Stored dataset items:

==*==

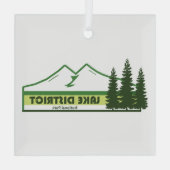 Lake District National Park Green Stripes Glas Ornament (Achterkant)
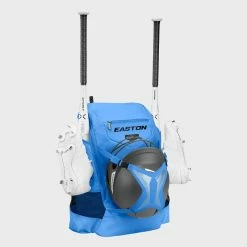 Easton Walk-Off NX Fastpicth Bat Pack - Columbia Blue -Mizuno Sales Store Ghost NX Backpack CB A159065 Front w prod trans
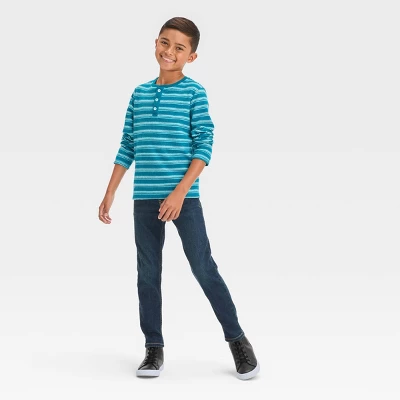 Boys' Long Sleeve Thermal Henley Shirt - Cat & Jack™ 2 Boys' Long Sleeve Thermal Henley Shirt - Cat & Jack™ - Image 2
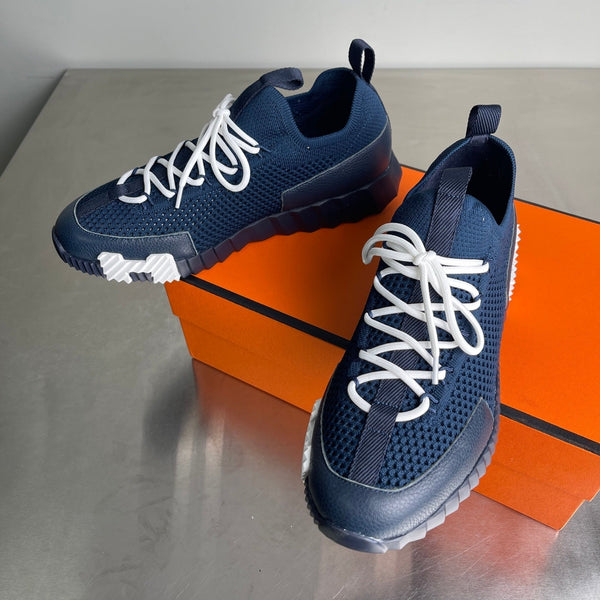Sneaker HM da uomo 25 Lift in pelle di vitello blu navy 703773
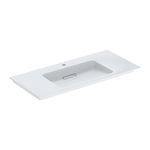 Lavoar pe mobilier Geberit One cu scurgere speciala 105 cm alb cu orificiu baterie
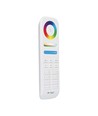 8-zoners fjernbetjening til LED - 3V, hvid, touch farvehjul, 2.4GHz, passer til LED strips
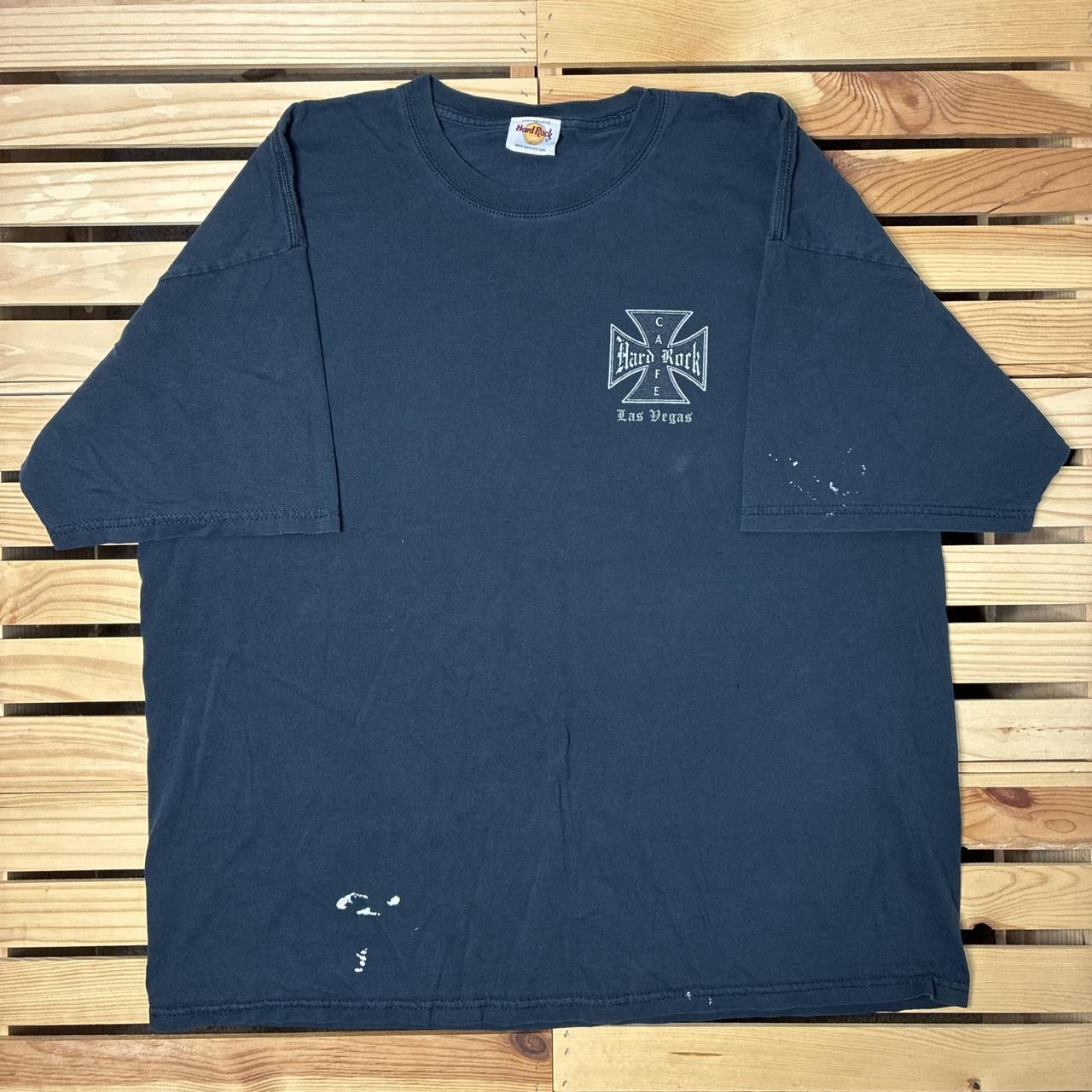 Hard Rock Cafe Vintage Hard Rock Cafe Black WCC-Style Biker Tee Size 2XL Size US XXL / EU 58 / 5 - 2 Thumbnail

==*==

Of the entries above, print exactly those lines that run from the one containing "Boys' Long Sleeve Thermal Henley Shirt - Cat & Jack™ 2" through the last line, excluding any pictures.

 Boys' Long Sleeve Thermal Henley Shirt - Cat & Jack™ 2 Boys' Long Sleeve Thermal Henley Shirt - Cat & Jack™ - Image 2
Sneaker HM da uomo 25 Lift in pelle di vitello blu navy 703773
 Lavoar pe mobilier Geberit One cu scurgere speciala 105 cm alb cu orificiu baterie
 8-zoners fjernbetjening til LED - 3V, hvid, touch farvehjul, 2.4GHz, passer til LED strips
 Hard Rock Cafe Vintage Hard Rock Cafe Black WCC-Style Biker Tee Size 2XL Size US XXL / EU 58 / 5 - 2 Thumbnail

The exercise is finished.